Federal agents have raided the U.S. branch of a large Saudi-based charity, founded in Northern Virginia by a nephew of Osama bin Laden, in connection with a terrorism-related investigation, law enforcement sources said yesterday.
The raid Friday on the World Assembly of Muslim Youth (WAMY) in Alexandria was carried out by agents of the FBI, U.S. Bureau of Immigration and Customs Enforcement and the Joint Terrorism Task Force, the sources said.
In a statement last night, WAMY said that all of the office's files and computer hard drives were seized and that a volunteer WAMY board member was arrested on immigration charges.
Sources said the raid was part of an investigation into whether the group's operations around the world have financial and other ties to terrorists, but the scope of the probe could not be learned because the case is under court seal.
But in its statement, the Riyadh-based, tax-exempt charity strongly denied any terrorist ties and said the government had told them the probe is focused only on "immigration issues.'' Although acknowledging that bin Laden's nephew, Abdullah bin Laden, was involved in forming WAMY's U.S. branch in Northern Virginia, the group said people should not assume that means it has any terrorist connections.
"While we fully agree with you that Osama Bin Laden is a terrorist and his acts have been condemned by the whole world including members of the Bin Laden family, we as a nation should be careful not to find 'guilt by association,' " said the statement, released through Asim Ghafoor, a spokesman for the group.
Prosecutors have alleged in previous court documents that WAMY espoused hatred of Jews and portrayed people who murdered Israelis as heroes. But the WAMY statement compared the group's activities to the YMCA, saying it focuses on "youth education, youth development and serving the Muslim community.''
About 50 agents participated in Friday's raid, the WAMY statement added.
U.S.-Saudi relations have been particularly sensitive since the Sept. 11, 2001, terrorist attacks: 15 of the 19 hijackers were from Saudi Arabia. The two governments are now cooperating on many fronts in the war on terror, especially since a series of attacks by Islamic militants with al Qaeda ties shook the desert kingdom in May 2003.
WAMY's name came up in another recent terrorism-related case in Northern Virginia: the investigation into a network of Islamic charities operating in Herndon and elsewhere in the region. The probe involved allegations of tax fraud and other improprieties.

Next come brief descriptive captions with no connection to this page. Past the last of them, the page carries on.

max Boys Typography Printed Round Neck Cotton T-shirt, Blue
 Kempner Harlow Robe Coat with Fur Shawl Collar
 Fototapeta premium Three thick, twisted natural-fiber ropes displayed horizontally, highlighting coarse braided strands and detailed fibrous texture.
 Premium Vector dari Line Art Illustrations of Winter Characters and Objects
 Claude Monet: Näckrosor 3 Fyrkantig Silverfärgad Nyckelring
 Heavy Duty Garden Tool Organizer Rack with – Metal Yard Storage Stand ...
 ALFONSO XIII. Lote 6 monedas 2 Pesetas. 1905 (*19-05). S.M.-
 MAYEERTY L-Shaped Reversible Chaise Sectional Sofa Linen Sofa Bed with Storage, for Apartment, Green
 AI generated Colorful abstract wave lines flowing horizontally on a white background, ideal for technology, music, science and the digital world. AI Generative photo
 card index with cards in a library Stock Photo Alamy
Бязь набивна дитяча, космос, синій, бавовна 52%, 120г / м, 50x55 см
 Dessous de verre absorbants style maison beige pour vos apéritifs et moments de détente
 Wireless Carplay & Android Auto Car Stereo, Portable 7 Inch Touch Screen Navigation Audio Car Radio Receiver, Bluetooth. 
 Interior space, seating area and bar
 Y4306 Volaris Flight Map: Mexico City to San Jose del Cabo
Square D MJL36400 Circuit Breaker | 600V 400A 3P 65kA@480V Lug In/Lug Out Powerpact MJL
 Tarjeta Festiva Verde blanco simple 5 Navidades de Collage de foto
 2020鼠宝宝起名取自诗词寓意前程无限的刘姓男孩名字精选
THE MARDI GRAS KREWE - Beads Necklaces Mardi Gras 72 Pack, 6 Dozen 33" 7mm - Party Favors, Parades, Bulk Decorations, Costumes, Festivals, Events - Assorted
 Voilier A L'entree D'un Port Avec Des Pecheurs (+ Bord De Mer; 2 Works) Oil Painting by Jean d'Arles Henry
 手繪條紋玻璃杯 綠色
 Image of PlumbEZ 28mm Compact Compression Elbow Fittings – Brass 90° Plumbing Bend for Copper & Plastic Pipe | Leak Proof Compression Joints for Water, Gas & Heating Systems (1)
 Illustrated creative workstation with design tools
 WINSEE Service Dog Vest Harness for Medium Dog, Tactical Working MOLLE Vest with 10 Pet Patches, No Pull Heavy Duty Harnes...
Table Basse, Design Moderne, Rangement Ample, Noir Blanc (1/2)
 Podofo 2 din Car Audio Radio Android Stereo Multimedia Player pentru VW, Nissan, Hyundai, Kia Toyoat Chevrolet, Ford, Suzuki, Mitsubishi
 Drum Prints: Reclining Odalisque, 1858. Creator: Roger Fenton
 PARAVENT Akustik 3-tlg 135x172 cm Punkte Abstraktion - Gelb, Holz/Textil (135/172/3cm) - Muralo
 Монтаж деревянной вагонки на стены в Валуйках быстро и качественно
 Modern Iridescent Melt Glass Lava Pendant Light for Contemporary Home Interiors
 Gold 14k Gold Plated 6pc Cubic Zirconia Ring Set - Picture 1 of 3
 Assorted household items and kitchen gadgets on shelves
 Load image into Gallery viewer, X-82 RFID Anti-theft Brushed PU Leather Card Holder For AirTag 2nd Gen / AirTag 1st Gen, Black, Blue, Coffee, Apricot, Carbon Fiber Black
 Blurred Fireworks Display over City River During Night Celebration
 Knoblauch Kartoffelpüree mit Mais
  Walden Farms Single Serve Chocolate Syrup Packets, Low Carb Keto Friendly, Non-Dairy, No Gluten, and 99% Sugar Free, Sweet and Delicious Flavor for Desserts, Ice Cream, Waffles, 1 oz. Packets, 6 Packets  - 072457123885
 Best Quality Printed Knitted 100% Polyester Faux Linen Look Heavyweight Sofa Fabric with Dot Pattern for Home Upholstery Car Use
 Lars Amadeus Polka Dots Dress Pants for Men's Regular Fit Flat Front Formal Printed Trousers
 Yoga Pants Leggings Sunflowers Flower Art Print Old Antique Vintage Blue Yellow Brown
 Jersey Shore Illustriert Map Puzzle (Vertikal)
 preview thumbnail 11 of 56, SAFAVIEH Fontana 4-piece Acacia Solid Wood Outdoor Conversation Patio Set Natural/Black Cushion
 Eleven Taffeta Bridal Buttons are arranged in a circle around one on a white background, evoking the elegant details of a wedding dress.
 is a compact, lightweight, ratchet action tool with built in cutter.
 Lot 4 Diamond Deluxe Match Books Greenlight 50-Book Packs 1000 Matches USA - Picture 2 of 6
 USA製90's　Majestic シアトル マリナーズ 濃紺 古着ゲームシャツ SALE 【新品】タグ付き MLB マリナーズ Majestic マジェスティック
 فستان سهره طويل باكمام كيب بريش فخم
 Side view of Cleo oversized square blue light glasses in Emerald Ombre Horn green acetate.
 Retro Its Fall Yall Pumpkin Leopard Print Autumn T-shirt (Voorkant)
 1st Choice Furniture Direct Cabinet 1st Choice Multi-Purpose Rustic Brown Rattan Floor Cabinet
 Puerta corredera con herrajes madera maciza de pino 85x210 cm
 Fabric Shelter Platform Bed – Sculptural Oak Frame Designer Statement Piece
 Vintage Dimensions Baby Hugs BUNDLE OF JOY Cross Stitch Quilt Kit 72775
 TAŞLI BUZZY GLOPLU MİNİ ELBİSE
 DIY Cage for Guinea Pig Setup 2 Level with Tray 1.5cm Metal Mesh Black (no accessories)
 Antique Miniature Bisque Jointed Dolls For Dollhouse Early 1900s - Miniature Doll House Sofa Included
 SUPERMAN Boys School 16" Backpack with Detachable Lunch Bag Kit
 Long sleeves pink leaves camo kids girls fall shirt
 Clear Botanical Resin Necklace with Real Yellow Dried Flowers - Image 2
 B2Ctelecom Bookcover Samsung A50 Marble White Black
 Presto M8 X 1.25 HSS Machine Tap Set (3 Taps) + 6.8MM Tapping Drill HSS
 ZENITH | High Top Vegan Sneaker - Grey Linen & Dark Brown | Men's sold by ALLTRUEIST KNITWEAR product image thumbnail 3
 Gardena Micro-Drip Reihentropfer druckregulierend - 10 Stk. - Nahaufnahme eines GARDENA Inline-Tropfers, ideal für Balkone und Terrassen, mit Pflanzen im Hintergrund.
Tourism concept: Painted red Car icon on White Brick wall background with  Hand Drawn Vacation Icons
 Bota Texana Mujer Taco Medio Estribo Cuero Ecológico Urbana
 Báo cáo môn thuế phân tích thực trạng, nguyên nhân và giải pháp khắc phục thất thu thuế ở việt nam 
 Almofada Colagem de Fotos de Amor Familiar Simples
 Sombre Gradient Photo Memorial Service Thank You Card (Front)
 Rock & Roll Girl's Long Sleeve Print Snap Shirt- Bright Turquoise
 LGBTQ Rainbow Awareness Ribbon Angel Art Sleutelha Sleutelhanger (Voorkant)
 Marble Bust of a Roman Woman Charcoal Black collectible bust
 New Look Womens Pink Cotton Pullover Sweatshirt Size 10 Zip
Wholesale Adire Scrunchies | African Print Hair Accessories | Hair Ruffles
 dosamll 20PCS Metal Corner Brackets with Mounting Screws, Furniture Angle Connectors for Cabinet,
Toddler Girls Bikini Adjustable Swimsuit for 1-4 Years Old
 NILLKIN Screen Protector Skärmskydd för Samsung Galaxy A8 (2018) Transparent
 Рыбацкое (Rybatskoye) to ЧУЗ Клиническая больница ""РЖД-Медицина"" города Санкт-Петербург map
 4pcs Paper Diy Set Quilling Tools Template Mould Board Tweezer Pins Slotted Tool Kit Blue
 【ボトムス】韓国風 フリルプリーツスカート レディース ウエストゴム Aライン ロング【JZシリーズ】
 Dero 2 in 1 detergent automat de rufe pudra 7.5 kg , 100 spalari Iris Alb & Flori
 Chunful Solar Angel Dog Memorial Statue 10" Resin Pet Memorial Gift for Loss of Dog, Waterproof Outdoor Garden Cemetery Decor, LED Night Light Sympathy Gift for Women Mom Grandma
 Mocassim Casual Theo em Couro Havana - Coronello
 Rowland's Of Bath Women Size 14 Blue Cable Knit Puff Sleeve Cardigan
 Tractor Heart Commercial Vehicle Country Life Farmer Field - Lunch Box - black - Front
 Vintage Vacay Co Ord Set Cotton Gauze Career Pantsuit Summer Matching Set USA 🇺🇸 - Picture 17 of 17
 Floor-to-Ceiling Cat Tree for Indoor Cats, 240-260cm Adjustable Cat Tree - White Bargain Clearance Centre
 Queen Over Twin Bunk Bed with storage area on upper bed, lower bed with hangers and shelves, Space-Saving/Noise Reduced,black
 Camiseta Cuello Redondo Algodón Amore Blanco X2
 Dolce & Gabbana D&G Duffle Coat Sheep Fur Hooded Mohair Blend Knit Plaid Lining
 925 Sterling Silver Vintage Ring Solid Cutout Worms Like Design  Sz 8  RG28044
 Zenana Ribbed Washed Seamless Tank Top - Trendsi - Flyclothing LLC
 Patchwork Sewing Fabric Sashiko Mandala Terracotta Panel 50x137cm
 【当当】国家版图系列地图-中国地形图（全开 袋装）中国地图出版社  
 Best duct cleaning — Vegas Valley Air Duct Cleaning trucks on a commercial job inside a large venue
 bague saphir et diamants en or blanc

The charities strongly deny wrongdoing.
During last year's case against Soliman S. Biheiri, the only person convicted as an outgrowth of that investigation, prosecutors filed documents saying that Biheiri's company, BMI Inc., had managed money for Abdullah bin Laden. The documents said Abdullah bin Laden incorporated WAMY's U.S. branch in Falls Church in 1992, became president and was listed on the organization's tax forms until at least 1998. The branch is now in Alexandria.
An affidavit signed by Customs Senior Special Agent David C. Kane contends that a WAMY publication lists people who have attacked Israelis, including a man who killed 14 people by driving a bus off a cliff, as "Heroes from Palestine.''
Kane writes that a section of that document, titled "Animosity Toward the Jews,'' lists reasons for Muslims to hate Jews, including, "The Jews are humanity's enemies: they foment immorality in this world.''
The affidavit also lays out what it calls ties between WAMY and the Islamic Resistance Movement, or Hamas, which has been designated a terrorist organization by the U.S. government.